Would you retype the line that contains "David Farber ASPIRE" and all lines following it to the end of the entries below, exactly and without pictures?

-.-.-

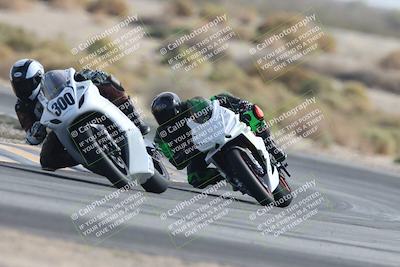 media/Oct-31-2025-CVMA Friday Practice (Fri) [[e9defcbea4]]/3-Racer 2 Practice/Session 5 (Turn 4)/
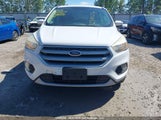 Ford Escape Se 1FMCU0GD7HUD88838 снимка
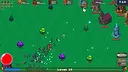 Defend the Town Screenshot 1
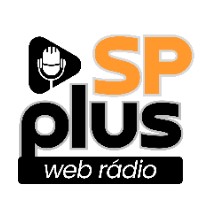 Capa da SP Plus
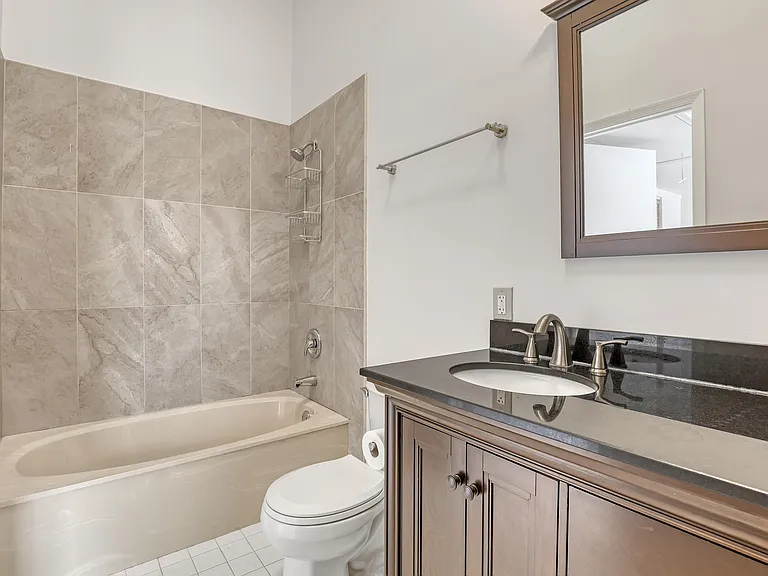 1279 Periwinkle Pl — Photo 21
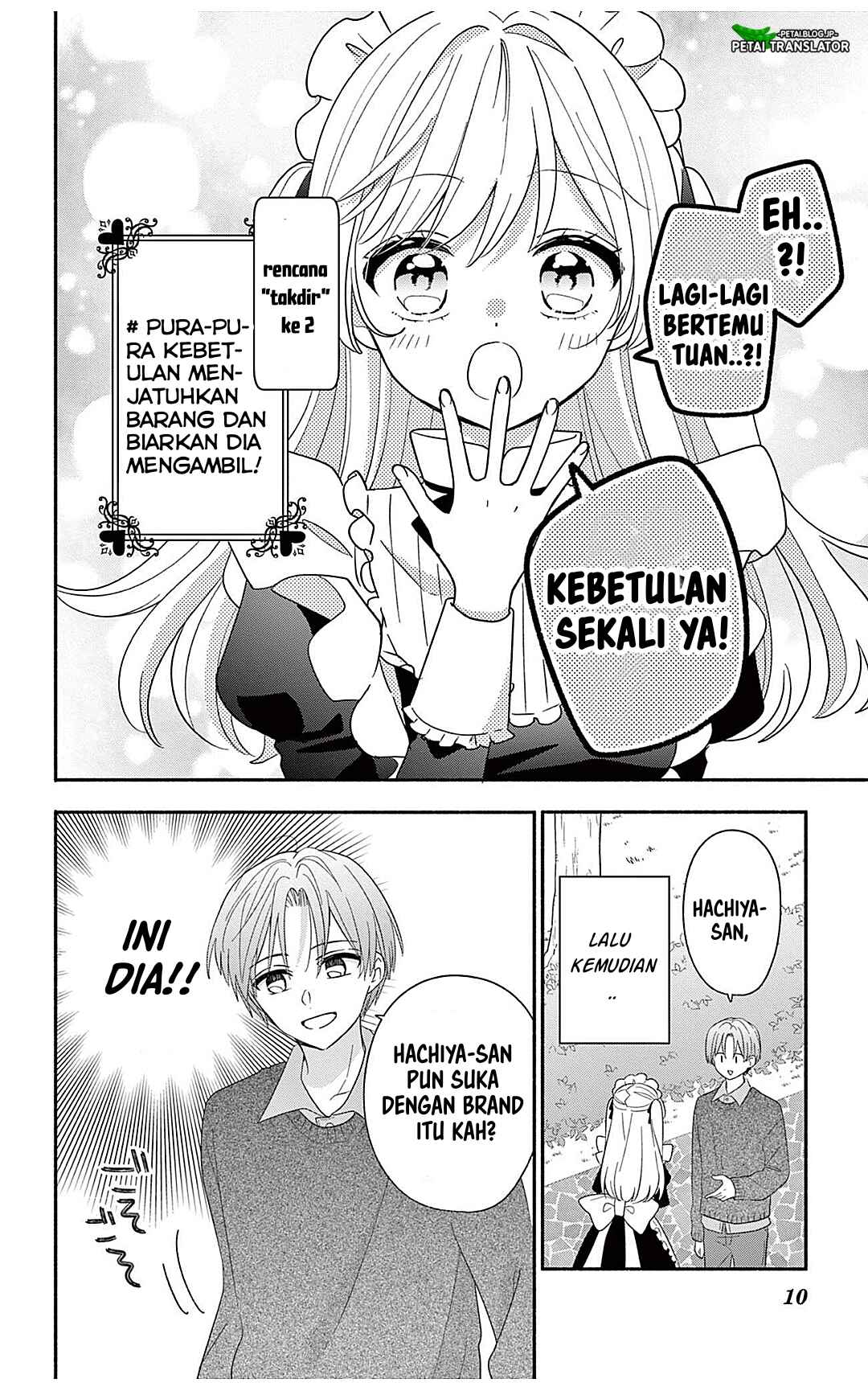 Chapter 24.1 - Page 10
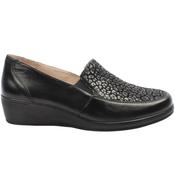 Caprice 24352 Shoe - Black Multi - 37 image
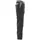 Mascot Torino Hose schwarz/anthrazit, 90C43,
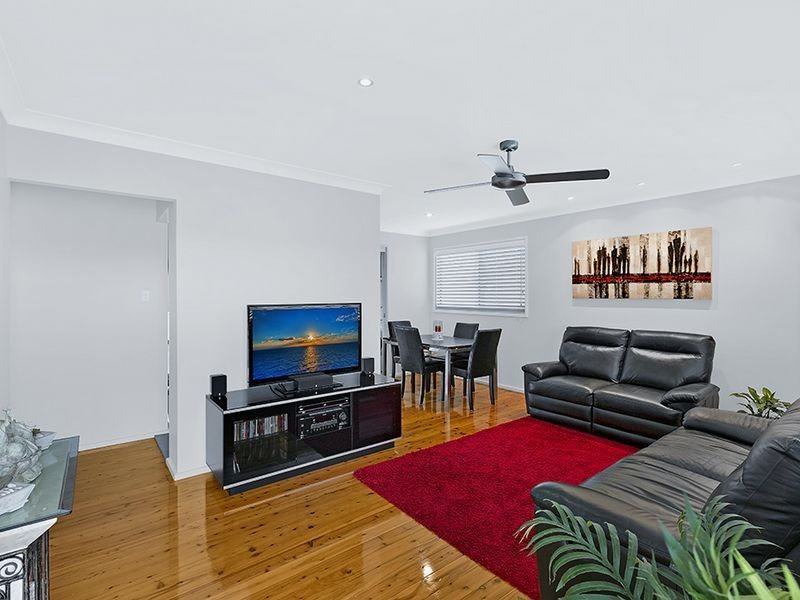 31 Robertson Road, Killarney Vale NSW 2261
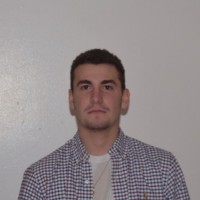 Robert Ramirez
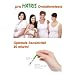 50 proMatris Ovulationstests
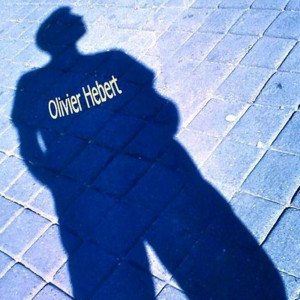 收听Olivier Hébert的Riders Song歌词歌曲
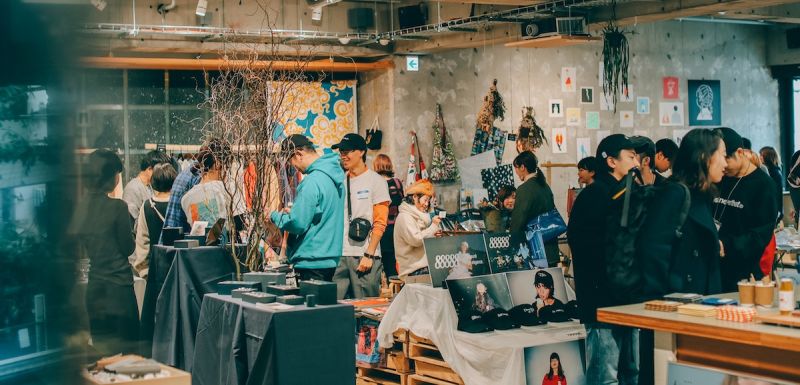 tái sử dụng nhà hoang tái sử dụng nhà hoang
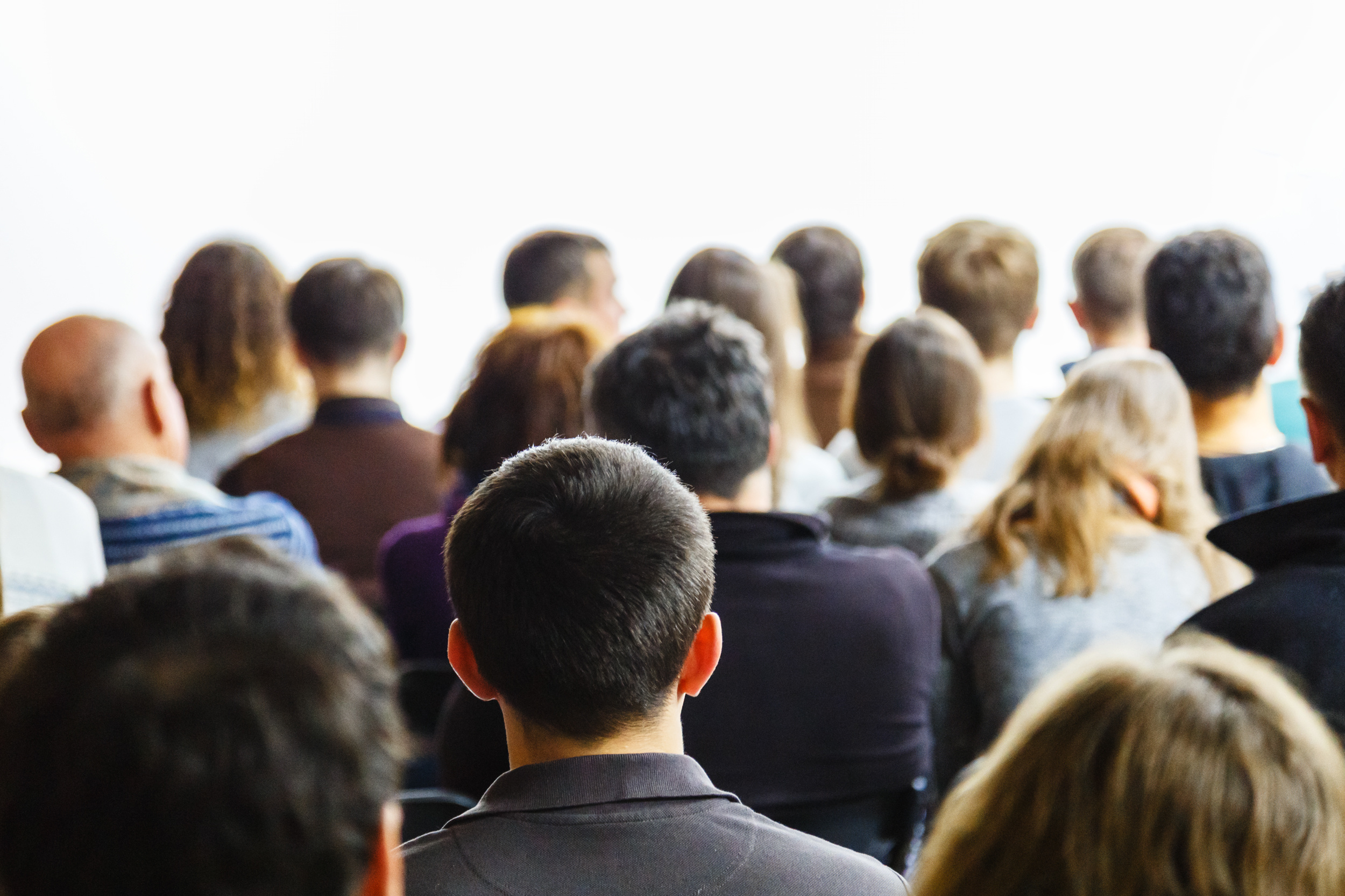 David Farber ASPIRE Center Education & Training Jefferson Health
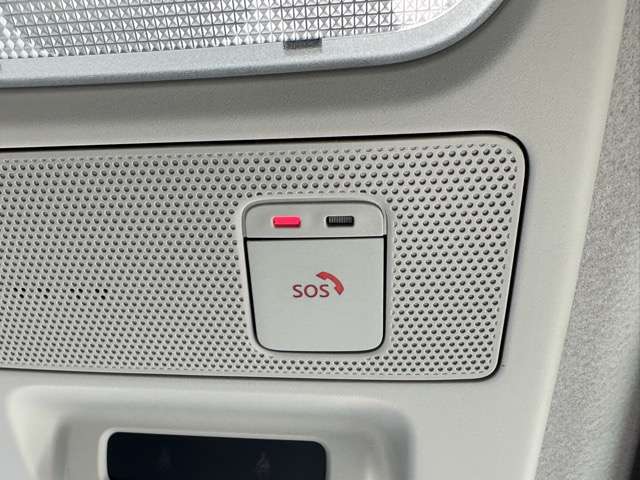 三菱 ｅＫクロス　ＥＶ Ｐ R4年 (東海) 99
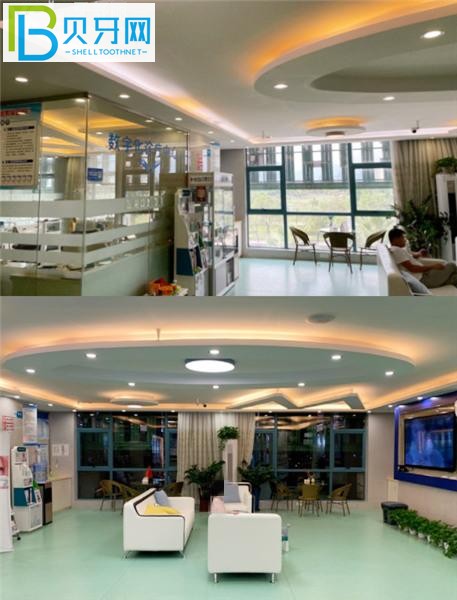 賀州正美口腔價格收費(fèi)怎么樣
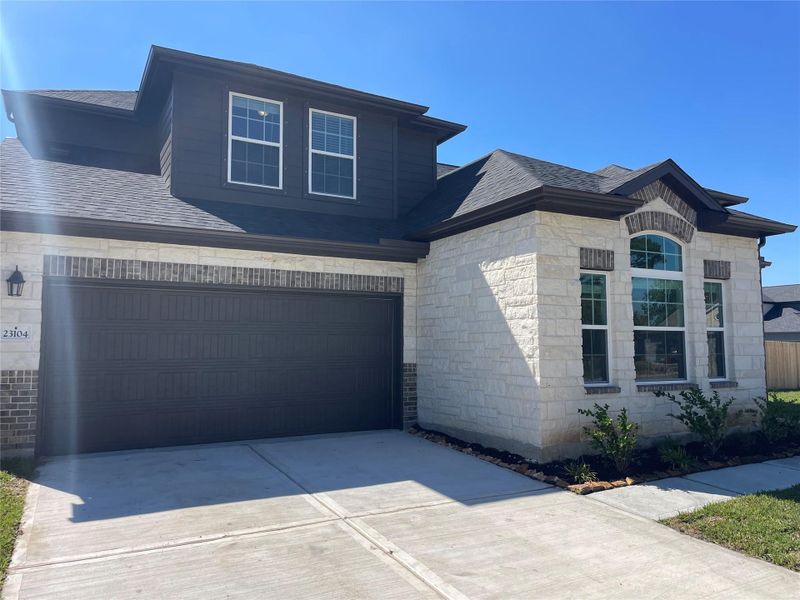 Image 29 of a home in Martha's Vineyard.
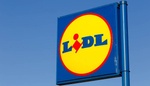 Lidl Outlet: Kvalita nebo jen odpad? Co se skutečně skývá v obchodě?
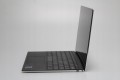 Dotykowy-Dell-XPS-13-9310-i5-1135G7-8GB-256GB-SSD-3840-x-2160-Win11-Kod-producenta-9310-i5-11gen-4k-touch-sil.jpg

-.-.-

RESPONSE BOX >>
 David Farber ASPIRE Center Education & Training Jefferson Health
 三菱 ｅＫクロス　ＥＶ Ｐ R4年 (東海) 99
 賀州正美口腔價格收費(fèi)怎么樣
 Image 29 of a home in Martha's Vineyard.
 Lidl Outlet: Kvalita nebo jen odpad? Co se skutečně skývá v obchodě?
 Dotykowy-Dell-XPS-13-9310-i5-1135G7-8GB-256GB-SSD-3840-x-2160-Win11-Kod-producenta-9310-i5-11gen-4k-touch-sil.jpg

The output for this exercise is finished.